• [Problem]: Could the listing below be returned exactly, with its pictures left out?

• [Dataset extract]:
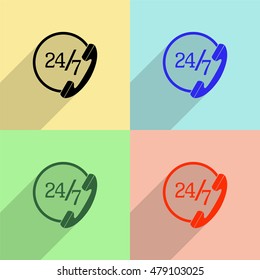 24 hours support vector icon - colored set with  long shadow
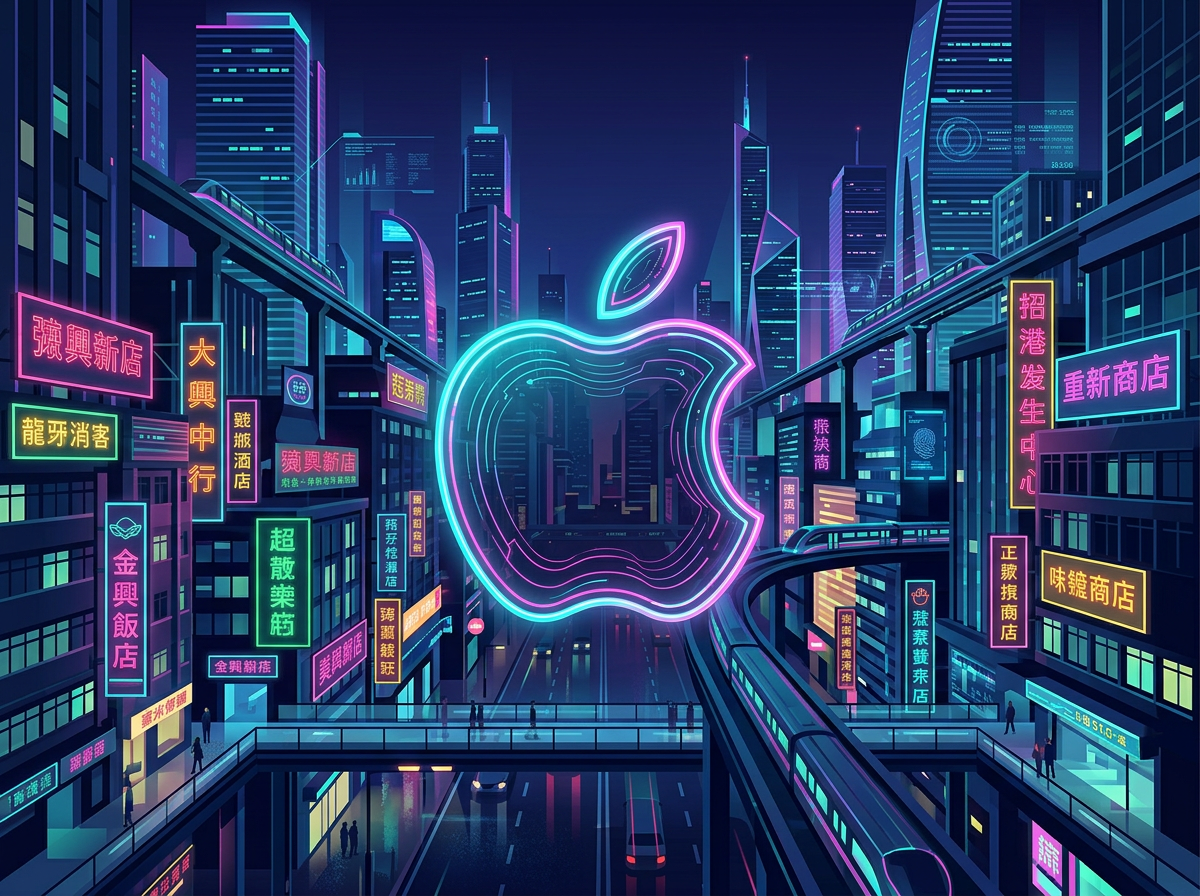 중국 내 애플 앱스토어 로고와 시장 환경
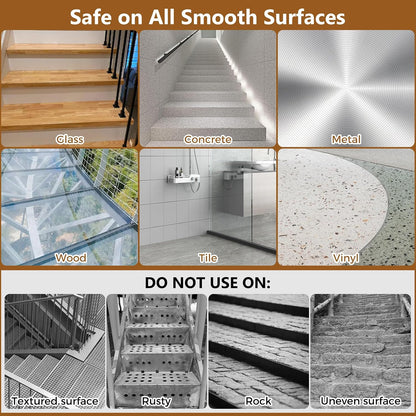 10 Pack 6” x 30” Anti Slip Traction Treads with Glow in The Dark Stripe, Outdoor Waterproof Non Skid Pre-Cut Tape with Roller, High Traction Friction Abrasive Adhesive for Stairs Step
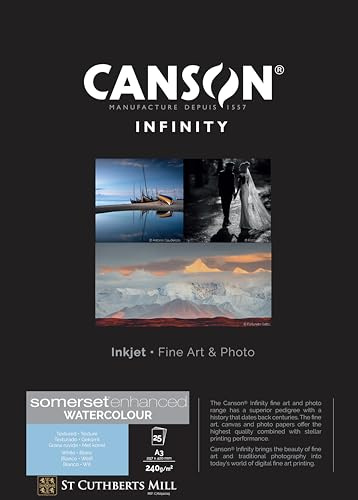 Canson Infinity Somerset förbättrad akvarell vit digital fotopapper 240 gsm korn naturlig vit låda A3 29,7 x 42 cm 25 ark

• [Output]:
 24 hours support vector icon - colored set with  long shadow
 중국 내 애플 앱스토어 로고와 시장 환경
 10 Pack 6” x 30” Anti Slip Traction Treads with Glow in The Dark Stripe, Outdoor Waterproof Non Skid Pre-Cut Tape with Roller, High Traction Friction Abrasive Adhesive for Stairs Step
 Canson Infinity Somerset förbättrad akvarell vit digital fotopapper 240 gsm korn naturlig vit låda A3 29,7 x 42 cm 25 ark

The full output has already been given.